A gate made of steel instead of aluminum is stronger. In Ontario, you would want to buy a diamond bar gate instead of a tube gate. I have never had one bend, and we used to have cattle.
This is a good idea. But the problem remains if having the hot wire on BOTH sides of the gate since it divides a paddock and he spends time on both sides… and just on the top wouldn’t stop his ass rubbing.
I don’t run it on the top, I run it on whichever horizontal “bar” is closest to “butt high”.
You can run electric wire on both sides of the gate as long as you have the ability to reach thru somehow to unhook the offside from the side you are on. If you were super handy, you could rig an easily accesible cut-off switch so that both side are “dead” at the same time.
and that is why I did nt think it would work. I need it on BOTH sides of the gate.
I can’t speak of the ability to hold up a horse bum, but I have 12 of these in lengths from 8 to 14 feet on my farm. I love them because my pawing horses keep their feet on their own side of the gate.
https://www.tractorsupply.com/tsc/product/tarter-2-x-4-wirefilled-gate-black-12-wfgbl12-1362703?cm_mmc=feed--GoogleShopping--Product-_-1362703&gclid=CjwKCAiAnfjyBRBxEiwA-EECLKT9DlJaru1V6iFPN9ihaGJCM6vJaVPyymiWyDRWcEIXkpwHYmjiKRoC_cAQAvD_BwE
For your dividing gate, I’d just make that a hot tape gate. I’ve got two of mine set up that way (although I did it because it was cheaper than buying a gate, heh). Simple & if he does decide to destroy it somehow, at least it’s easy & inexpensive to replace.
THIS!!! Those a SUPER heavy duty, expensive…but worth it!!
I also agree with an electric tape gate…“horsey” will only sit on it ONCE!!!
An interesting idea was presented today - a “sacrificial gate”/ Set up in the middle of the field, two posts and a gate they can scratch their little hearts (butts?) out.
And of course that brought up the idea of those “broom heads/ scratching post” set ups… maybe ina ddition to the hot wire gate. I’ll let yall know how it works!
I personally would not encourage any sort of butt rubbing on gates.

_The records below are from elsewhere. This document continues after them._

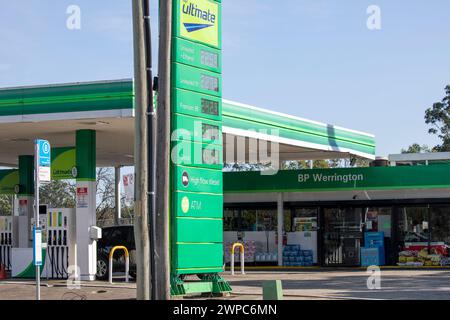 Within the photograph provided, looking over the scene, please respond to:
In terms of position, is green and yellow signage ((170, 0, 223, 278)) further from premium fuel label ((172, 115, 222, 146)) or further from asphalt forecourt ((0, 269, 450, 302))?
asphalt forecourt ((0, 269, 450, 302))

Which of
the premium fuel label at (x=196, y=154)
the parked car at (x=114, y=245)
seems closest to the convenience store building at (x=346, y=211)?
the parked car at (x=114, y=245)

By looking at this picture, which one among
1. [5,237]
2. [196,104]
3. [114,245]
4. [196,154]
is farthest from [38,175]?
[5,237]

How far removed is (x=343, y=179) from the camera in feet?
105

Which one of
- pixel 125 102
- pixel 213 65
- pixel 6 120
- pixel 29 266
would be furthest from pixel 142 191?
pixel 29 266

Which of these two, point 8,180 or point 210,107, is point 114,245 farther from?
point 8,180

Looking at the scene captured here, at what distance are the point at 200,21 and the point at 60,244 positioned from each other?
9.25 meters

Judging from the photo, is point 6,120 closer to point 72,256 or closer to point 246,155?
point 72,256

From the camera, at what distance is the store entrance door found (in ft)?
105

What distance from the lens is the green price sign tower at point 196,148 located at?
18266mm

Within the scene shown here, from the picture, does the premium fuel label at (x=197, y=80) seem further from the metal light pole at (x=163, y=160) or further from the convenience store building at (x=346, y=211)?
the convenience store building at (x=346, y=211)

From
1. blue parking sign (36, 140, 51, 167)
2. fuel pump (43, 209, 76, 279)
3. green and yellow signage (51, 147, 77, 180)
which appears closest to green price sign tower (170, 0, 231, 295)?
blue parking sign (36, 140, 51, 167)

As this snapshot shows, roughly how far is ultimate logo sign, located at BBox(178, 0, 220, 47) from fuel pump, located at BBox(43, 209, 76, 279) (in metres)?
8.29

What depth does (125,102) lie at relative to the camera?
22266 millimetres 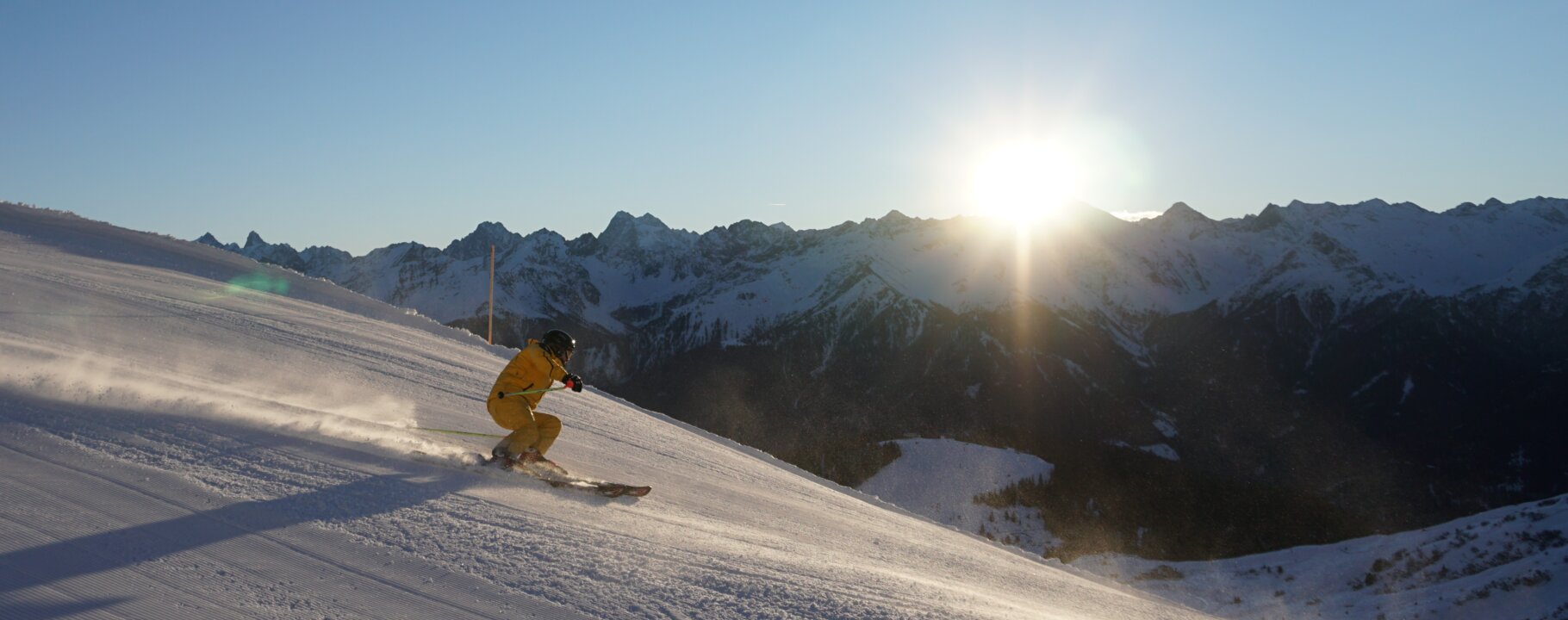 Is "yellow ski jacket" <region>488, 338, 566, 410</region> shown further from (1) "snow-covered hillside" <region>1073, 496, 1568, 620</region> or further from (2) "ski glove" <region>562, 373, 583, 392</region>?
(1) "snow-covered hillside" <region>1073, 496, 1568, 620</region>

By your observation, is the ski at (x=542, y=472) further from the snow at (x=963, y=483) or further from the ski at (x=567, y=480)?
the snow at (x=963, y=483)

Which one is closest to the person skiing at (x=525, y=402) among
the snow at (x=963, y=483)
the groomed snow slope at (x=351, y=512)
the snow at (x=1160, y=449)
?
the groomed snow slope at (x=351, y=512)

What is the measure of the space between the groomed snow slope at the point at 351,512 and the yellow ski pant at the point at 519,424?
1.65ft

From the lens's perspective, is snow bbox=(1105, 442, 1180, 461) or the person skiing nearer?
the person skiing

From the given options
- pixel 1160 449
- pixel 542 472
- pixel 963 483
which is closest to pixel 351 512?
pixel 542 472

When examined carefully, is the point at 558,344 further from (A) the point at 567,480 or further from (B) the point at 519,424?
(A) the point at 567,480

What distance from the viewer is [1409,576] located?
24875 millimetres

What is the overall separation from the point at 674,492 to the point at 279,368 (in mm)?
5593

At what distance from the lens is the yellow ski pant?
9.42 meters

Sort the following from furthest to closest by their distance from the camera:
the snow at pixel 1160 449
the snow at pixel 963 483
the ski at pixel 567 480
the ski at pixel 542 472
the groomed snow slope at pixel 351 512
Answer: the snow at pixel 1160 449
the snow at pixel 963 483
the ski at pixel 567 480
the ski at pixel 542 472
the groomed snow slope at pixel 351 512

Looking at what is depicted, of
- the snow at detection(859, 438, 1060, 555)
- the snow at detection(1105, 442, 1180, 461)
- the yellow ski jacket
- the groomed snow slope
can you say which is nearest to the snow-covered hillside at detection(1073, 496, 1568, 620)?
the groomed snow slope

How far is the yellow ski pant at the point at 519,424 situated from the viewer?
30.9 feet

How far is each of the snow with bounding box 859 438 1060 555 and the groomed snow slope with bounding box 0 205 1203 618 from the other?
40.4m

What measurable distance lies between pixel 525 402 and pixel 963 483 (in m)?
55.1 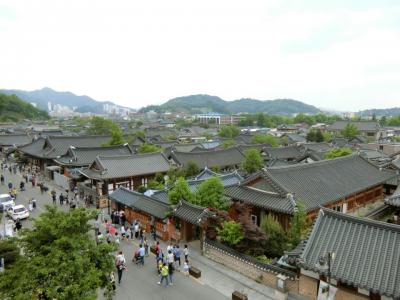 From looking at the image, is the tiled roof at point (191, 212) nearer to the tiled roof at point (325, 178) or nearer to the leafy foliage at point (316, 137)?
the tiled roof at point (325, 178)

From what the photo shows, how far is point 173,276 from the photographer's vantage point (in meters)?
19.5

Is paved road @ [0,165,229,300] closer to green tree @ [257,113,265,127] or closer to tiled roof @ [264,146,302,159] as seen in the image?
tiled roof @ [264,146,302,159]

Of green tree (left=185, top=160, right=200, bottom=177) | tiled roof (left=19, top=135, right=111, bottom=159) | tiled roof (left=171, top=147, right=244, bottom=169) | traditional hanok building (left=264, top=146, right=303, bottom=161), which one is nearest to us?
green tree (left=185, top=160, right=200, bottom=177)

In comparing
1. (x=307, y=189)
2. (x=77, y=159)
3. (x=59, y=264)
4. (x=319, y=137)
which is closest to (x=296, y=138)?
(x=319, y=137)

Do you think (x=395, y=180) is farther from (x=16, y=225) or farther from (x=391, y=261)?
(x=16, y=225)

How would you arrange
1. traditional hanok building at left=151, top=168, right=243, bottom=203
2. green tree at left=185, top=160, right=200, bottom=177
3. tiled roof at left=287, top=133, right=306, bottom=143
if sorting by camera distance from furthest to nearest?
tiled roof at left=287, top=133, right=306, bottom=143, green tree at left=185, top=160, right=200, bottom=177, traditional hanok building at left=151, top=168, right=243, bottom=203

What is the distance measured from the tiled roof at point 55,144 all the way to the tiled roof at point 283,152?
1276 inches

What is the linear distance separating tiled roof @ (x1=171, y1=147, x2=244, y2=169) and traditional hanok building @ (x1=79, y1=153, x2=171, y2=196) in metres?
5.30

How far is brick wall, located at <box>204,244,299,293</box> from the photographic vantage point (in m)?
17.1

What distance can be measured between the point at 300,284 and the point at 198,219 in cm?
802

I would offer an alternative, though, I like the broom idea - maybe a long push broom head?
Cattle have oil scratchers and hanging insecticide bags to rub on.
That is because when they scratch on any surface, in the right situation, they transmit lice and such to each other.
The scratching posts for cattle have a way for them to scratch and at the same time get dosed with insecticide in oils or powders.
Those also help with flies in season.
Horses don’t scratch near as much as cattle do.
Especially in the spring cattle itch fiercely.
When providing scratching posts for horses, if one has some kind of transmittable skin problem, other horses using that scratcher may also be infected.
Something to consider if using such scratchers, to keep them very clean and disinfected.
I have seen the broom heads idea and think I will do that. and thanks @Bluey no skin issues in my small group of three… knock on wood!
I installed the hot tape “gate” the other day. WOrked well.